UNITED STATES
SECURITIES AND EXCHANGE COMMISSION
Washington, D.C. 20549
FORM 8-K
CURRENT REPORT
PURSUANT TO SECTION 13 OR 15(d) OF THE
SECURITIES EXCHANGE ACT OF 1934
Date of report (Date of earliest event reported): October 4, 2022
NIGHTFOOD HOLDINGS, INC.
(Exact Name of Registrant as Specified in Charter)
Nevada | 000-55406 | 46-3885019 | ||
(State or Other Jurisdiction of Incorporation) | (Commission File Number) | (I.R.S. Employer Identification No.) |
520 White Plains Road – Suite 500
Tarrytown, New York 10591
(Address of Principal Executive Offices) (Zip Code)
Registrant’s telephone number, including area code: (888) 888-6444
(Former Name or Former Address, if Changed Since Last Report)

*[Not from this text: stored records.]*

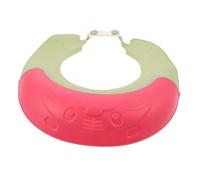 BESTonZON Bath Cap with Ear Protection Cute Tiger Design Shampoo Visor for Water Shield for Bath Multi Use Hair Washing Hat for Boy Girl
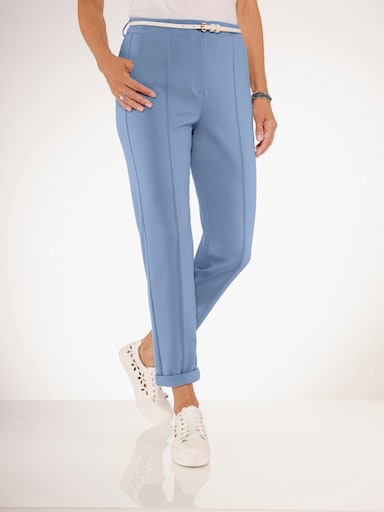 Jerseyhose mit Dehnbund hinten - bleu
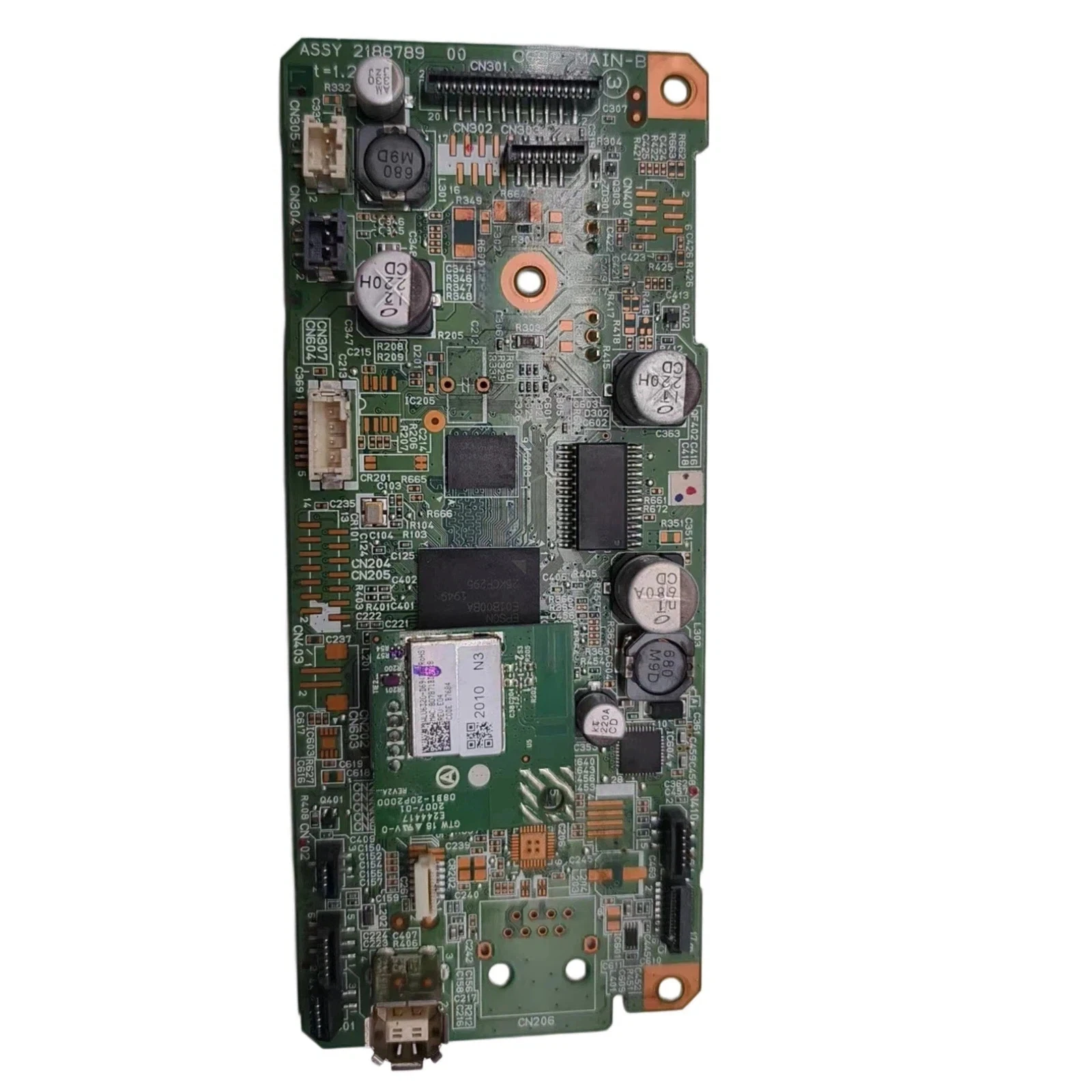ET-3760 CG22 Main Board Motherboard CG22 MAIN-B Fits For Epson EcoTank ET3760 ET 3760
ET-3760 CG22 Main Board Motherboard CG22 MAIN-B Fits For Epson EcoTank ET3760 ET 3760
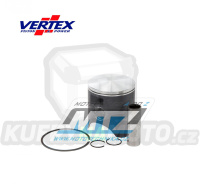 Pístní sada Honda CR125 / 90-91 - rozměr 53,94mm (Vertex 22151B)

Check the appropriate box below if the Form 8-K filing is intended to simultaneously satisfy the filing obligation of the registrant under any of the following provisions (see General Instruction A.2. below):
☐ | Written communications pursuant to Rule 425 under the Securities Act (17 CFR 230.425) |
☐ | Soliciting material pursuant to Rule 14a-12 under the Exchange Act (17 CFR 240.14a-12) |
☐ | Pre-commencement communications pursuant to Rule 14d-2(b) under the Exchange Act (17 CFR 240.14d-2(b)) |
☐ | Pre-commencement communications pursuant to Rule 13e-4(c) under the Exchange Act (17 CFR 240.13e-4(c)) |
Indicate by check mark whether the registrant is an emerging growth company as defined in Rule 405 of the Securities Act of 1933 (17 CFR §230.405) or Rule 12b-2 of the Securities Exchange Act of 1934 (17 CFR §240.12b-2).
Emerging Growth Company ☐
If an emerging growth company, indicate by check mark if the registrant has elected not to use the extended transition period for complying with any new or revised financial accounting standards provided pursuant to Section 13(a) of the Exchange Act. ☐
Securities registered pursuant to Section 12(b) of the Act:
Title of each class | Trading Symbol(s) | Name of each exchange on which registered | ||
Not applicable | Not applicable | Not applicable |
Item 1.01 Entry Into A Material Agreement.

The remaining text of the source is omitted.